28 Good Coding Practices

Now that you’ve worked with various R scripts, written some functions, and done some data manipulation, it’s time to look at some good coding practices.

Popular style guides among useR’s

28.1 Syntax Highlighting

Nowadays most text editors and IDE (e.g. RStudio) come with syntax highlighting features which make writing and reading code easier. However, it is still possible to find yourself in a situation where the editor you are using has no syntax highlighting. Let’s quickly compare the difference between a few lines of code with and without syntax highlighting:

without:

# without syntax highlighting
a <- 2
x <- 3
y <- log(sqrt(x))
3*x^7 - pi * x / (y - a)
"some strings"
dat <- read.table(file = 'data.csv', header = TRUE)

versus with:

a <- 2
x <- 3
y <- log(sqrt(x))
3*x^7 - pi * x / (y - a)
"some strings"
dat <- read.table(file = 'data.csv', header = TRUE)

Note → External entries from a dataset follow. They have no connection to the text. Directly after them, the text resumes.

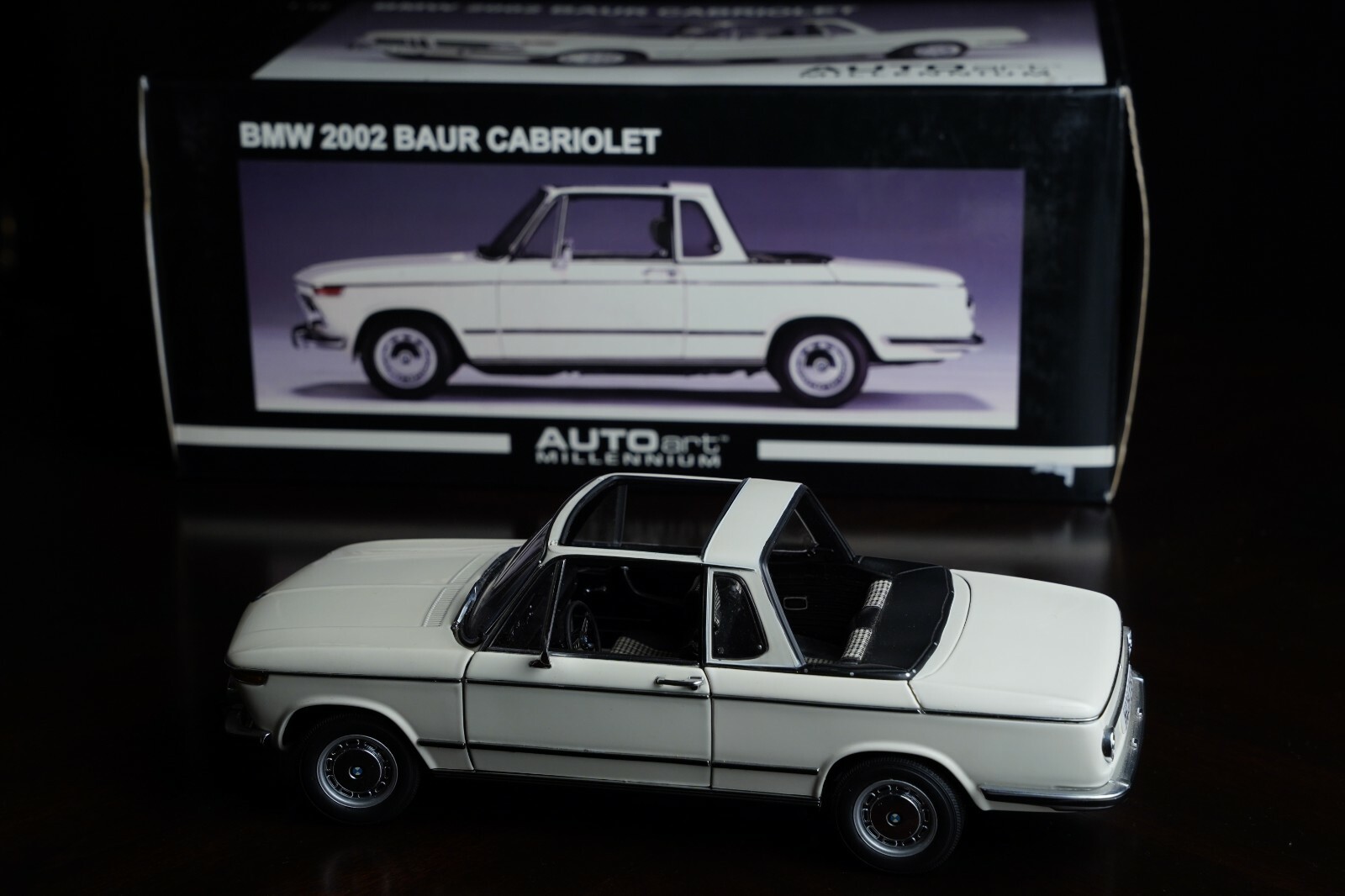 BMW 2002 Baur Cabrio 1:18 AUTOart カブリオレ AUTOart 1/18 BMW 2002 Baur Cabrio Model Car | eBay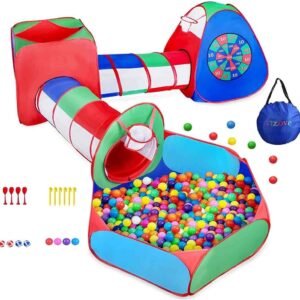 Kids Play Tents 5pcs Kids Play Tunnels Toy Tents Pop Up Tents
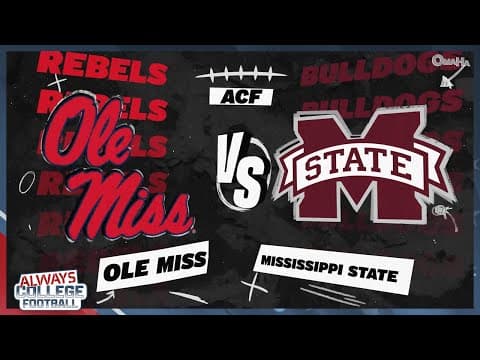 Will Ole Miss beat Mississippi State with all the distractions? | Always College Football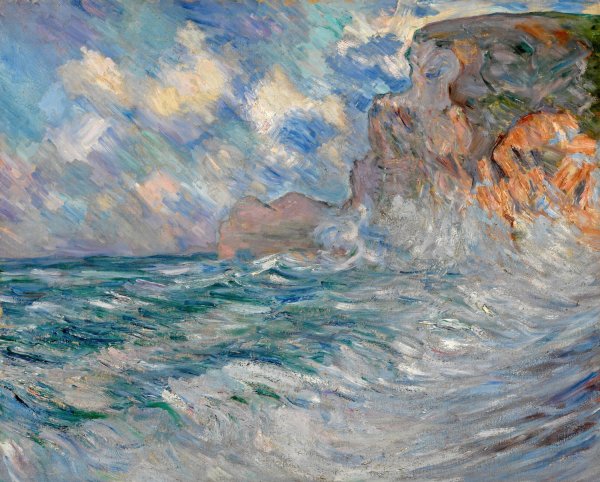 Cliffs at Etretat by Lilla Cabot Perry - Hand-Painted Oil Painting Reproduction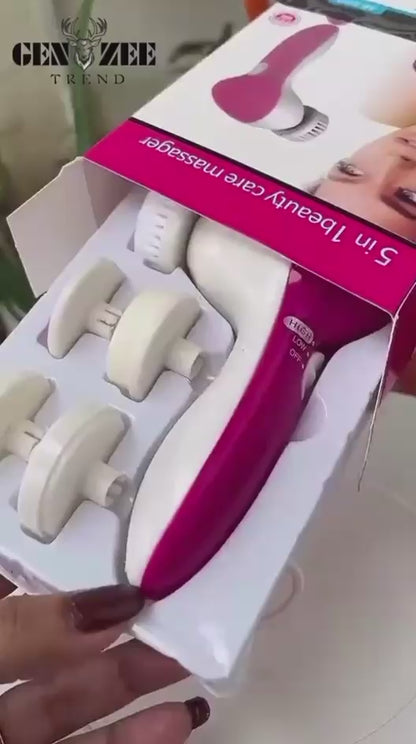 5-in-1 Electric Facial Cleansing Brush
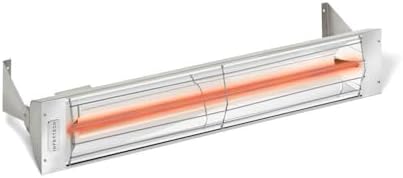 Single Element 2000 Watt Electric Patio Heater 240V Stainless Steel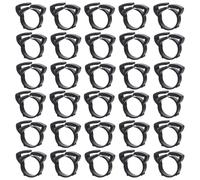 Jiuvaso 30 Pièces Raccord Tuyau Jardin Adaptateur Irrigation Attache Serrage Clip Fixation Tube Prise en PP Usage pour Maisons Jardins Pelouses, Dia 1.6 Cm
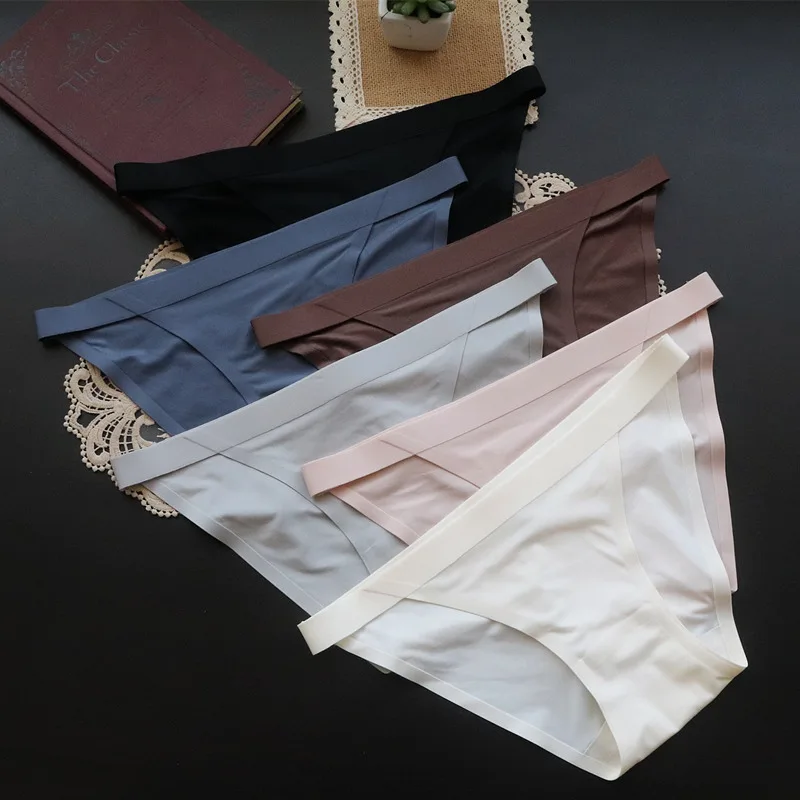 

Simple thin And Sexy One Piece Seamless Underwear Women's Low Waist Women's Briefs Wholesale Pure Cotton Girl Pants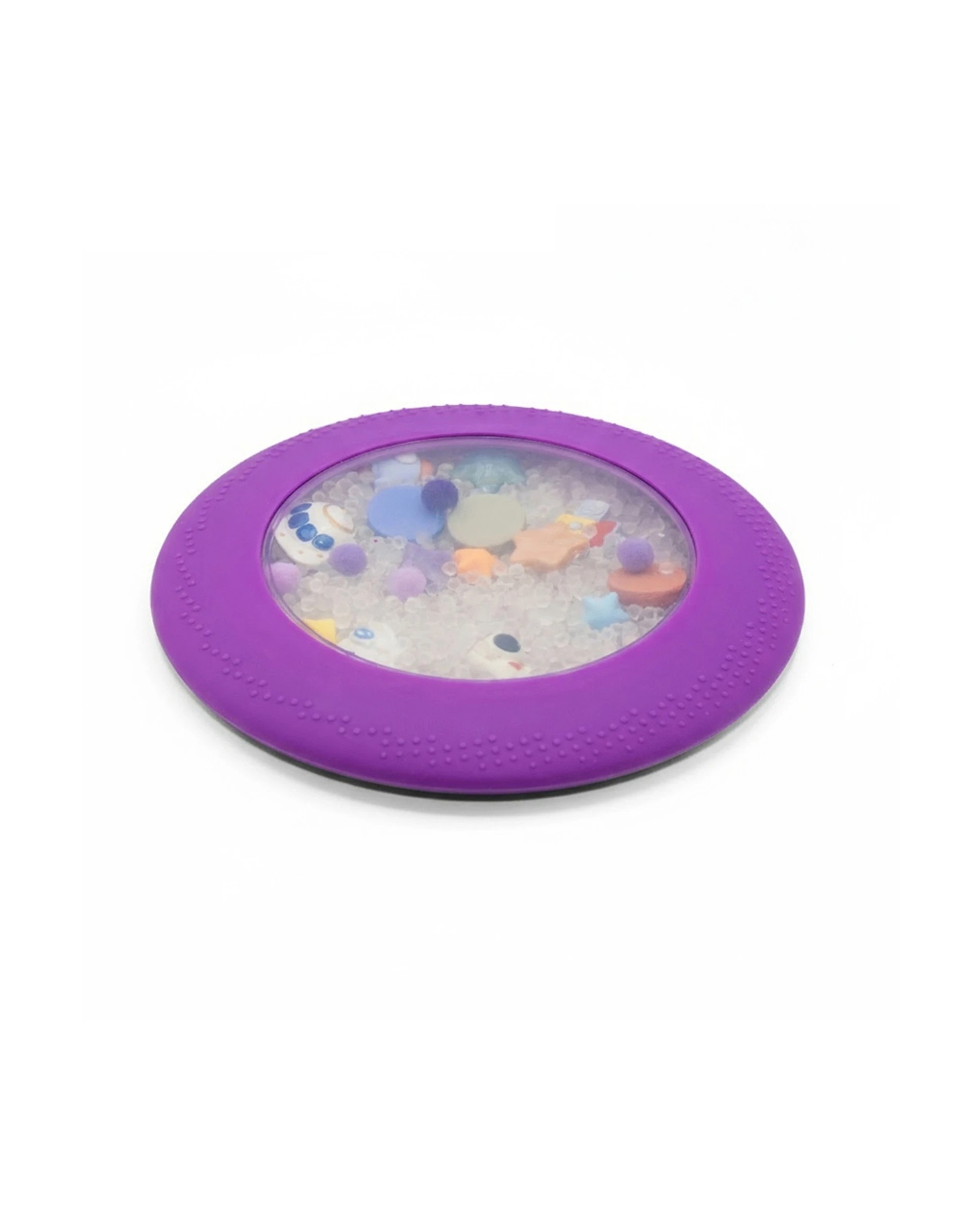 1 Jellystone Designs Kids Peekaboo Sensory Bag Weighted Beads Portable Toy Galaxy - Purple, 1 of 1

Without highlighting it’s harder to detect syntax errors:

numbers <- c("one", "two, "three")

if (x > 0) {
  3 * x + 19
} esle {
  2 * x - 20
}

With highlighting it’s easier to detect syntax errors:

numbers <- c("one", "two, "three")

if (x > 0) {
  3 * x + 19
} esle {
  2 * x - 20
}

RStudio IDE has features of all good IDEs:

Syntax highlighting
Syntax aware
Able to evaluate R codei
- by line
- by selection
- entire file
Command completion

Use an IDE with autocompletion

Figure 28.1: IDE with autocompletion

Use an IDE that provides helpful documentation

Figure 28.2: IDE with help documentation

28.2 Good Source Code

Think about programs/scripts/code as works of literature (Literate Programming). Well readable by humans, and as much self-explaining as possible

“Let us change our traditional attitude to the construction of programs: Instead of imagining that our main task is to instruct a computer what to do, let us concentrate rather on explaining to human beings what we want a computer to do”. Donald Knuth (Literate Programming, 1984)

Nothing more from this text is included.